A genuine 80s houserockin’ party was thrown in Newark last night and the guests of honor did all the work.
Appearing at the outset of the TD Bank James Moody Jazz Festival, Mavis Staples and Buddy Guy sang and played gospel and the blues, demonstrating the power this music still holds. Remarkably, both headliners (Mavis opened the show, but that’s a technicality–these two are co-equals) are now in their 80s. If you want to make a connection, however tenuous, between octogenarian health and music I’m certainly not going to stop you.
Just a few months after celebrating her 80th birthday this past July, Mavis Staples took the stage in front of a line-up most classic rock fans would recognize–a power trio. Some purist might fault me for that, but Zeppelin was really a power trio with a vocalist, as is, in its own way, U2. This crack unit featured Rick Holmstrom on guitar, Jeff Turmes on bass and Stephen Hodges on drums, all of whom contributed backing vocals. Additional vocal support came from Chandra Williams and Donny Gerrard.
Not that Ms. Staples requires much in the way of support. You’d never know the woman delivering this crisp set was in her ninth decade. She crooned, sang, growled and shouted her way through a set that included “Respect Yourself,” the 1972 single from The Staples Singers best-known album, the Al Bell-produced Be Altitude: Respect Yourself. Mrs. AHC is a huge fan of that record and being able to see Mavis live was a big treat for her.
Most of the set drew from songs heard on more recent albums. In the 1990s, Prince tried to resurrect Mavis’ career, building on the sounds of her early 1970s solo albums. Those records didn’t click, though I recall liking “Jaguar” from 1989’s Time Waits for No One.
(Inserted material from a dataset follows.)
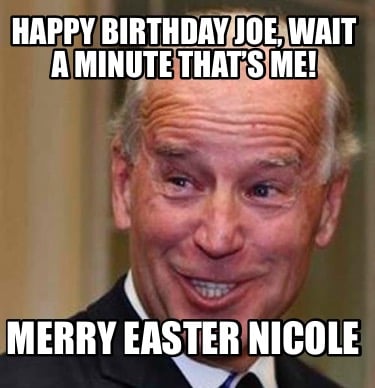 happy-birthday-joe-wait-a-minute-thats-me-merry-easter-nicole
More recently, on the Alligator and Anti labels, Mavis has returned to her roots and the songs she chose to share reflected the social concerns never far from the surface of The Staple Singers‘ repertoire. The song titles alone tell the tale: “Change,” “We Get By,” “Build a Bridge.”
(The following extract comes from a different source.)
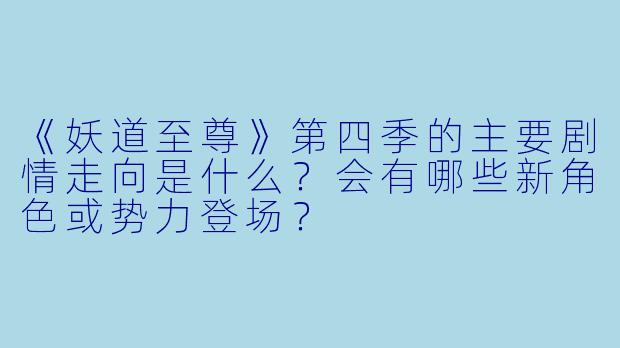 《妖道至尊》第四季的主要剧情走向是什么？会有哪些新角色或势力登场？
Ever since she crossed paths with Wilco‘s Jeff Tweedy, Mavis’ records have sounded great, creating ample space for her incredble vocal abilites within spare arrangements. At times last night, the band sounded almost as if they were playing gospel dub, so heavy was the bottom end. That’s not a band thing, nor were the churched up covers she chose to sing, Buffalo Springfield‘s “For What it’s Worth,” still a political tune after all these years, and, just for fun, the Talking Heads‘ “Slippery People,” which the band found a way to funk up even more.
If Mavis brought the sacred, Buddy brought the profane. What he delivered was a master class in the history of the blues replete with humour, innuendo, profanity, cocktail breaks and walk-around-the house solos. Sure, he played the hits (I’m not sure what else to call “Feels Like Rain) both major and minor (“Skin Deep”), as well as newer songs like “Cognac” and “The Blues is Alive and Well.” I won’t dwell on the fact that the big hit was released more than 25 years ago, a fact which probably would puzzle Buddy as much as it does me. I’ll allow him more leeway; he’s 83 after all.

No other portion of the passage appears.